Tom · Posted 03-31-2021 10:19 PM

I am not much of a GIT or GITHUB user but from my limited understanding the GIT model is that you create a local folder for working with the repository and use GIT tools to keep it in sync with the repository.

If you follow that model then you can just use normal SAS autocall features to locate and use the files. If you want to make sure you are using the most up to date version of the files just call the appropriate GIT command line tool command to refresh your local copy for running your SAS code.

What I used to do to make sure my current SAS session would always go find the most current macro definition instead of using a version that might have been already compiled in this session was to use PROC CATALOG to erase the compiled macros from the catalog where SAS stores them in the WORK library. Make sure to turn on MRECALL option also.

JackHamilton · Posted 04-02-2021 05:53 PM

The typical usage is through a local copy of the repository, as you describe, but it is also possible to edit files directly through the web interface without making a local copy.

I won't try to defend that as a good practice, but if I can tell the users "No, you can't do what you want, it's just not possible in SAS", they might decide that the standard methods will work for them.

ChrisHemedinger · Posted 04-01-2021 08:37 AM

In 9.4 M6 (sorry Jack) we now have support for Git functions so it's possible to clone entire repositories to your local session. This allows you to maintain code in Git using whatever folder structure you like, and then pull it to your session as you need it.

Example:

/* create a temp folder to hold the shared code */
options dlcreatedir;
%let repoPath = %sysfunc(getoption(WORK))/shared-code;
libname repo "&repoPath.";
libname repo clear;
 
/* Fetch latest code from Git */
data _null_;
 rc = gitfn_clone( 
   "https://gitlab.mycompany.com/sas-projects/shared-code/",
   "&repoPath.");
run;
 
options source2;
/* run the code in this session */
%include "&repoPath./bootstrap-macros.sas";

I've got several resources about using Git with SAS, including "How to organize your SAS projects in Git".

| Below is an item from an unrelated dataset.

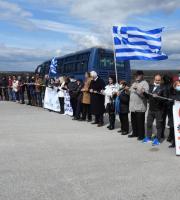 Αλυσοδέθηκαν οι κάτοικοι του Φυλακίου έξω από το ΚΥΤ (photo)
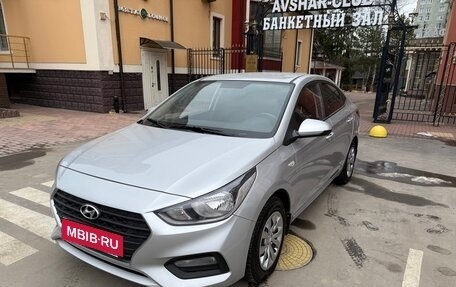 Hyundai Solaris II рестайлинг, 2017 год, 1 400 000 рублей, 2 фотография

If you have SAS University Edition or an account on SAS OnDemand for Academics, you can try these techniques with my Netflix data and SAS code.

SAS For Dummies 3rd Edition! Check out the new edition, covering SAS 9.4, SAS Viya, and all of the modern ways to use SAS!

JackHamilton · Posted 04-02-2021 03:01 PM

For reasons I can't say I understand, some of the users of this particular set of macros would prefer to store everything in Git when possible, with no materialization in the local file system.

That's not possible right now, and if it were I think it would be slower and less reliable than using the native file system.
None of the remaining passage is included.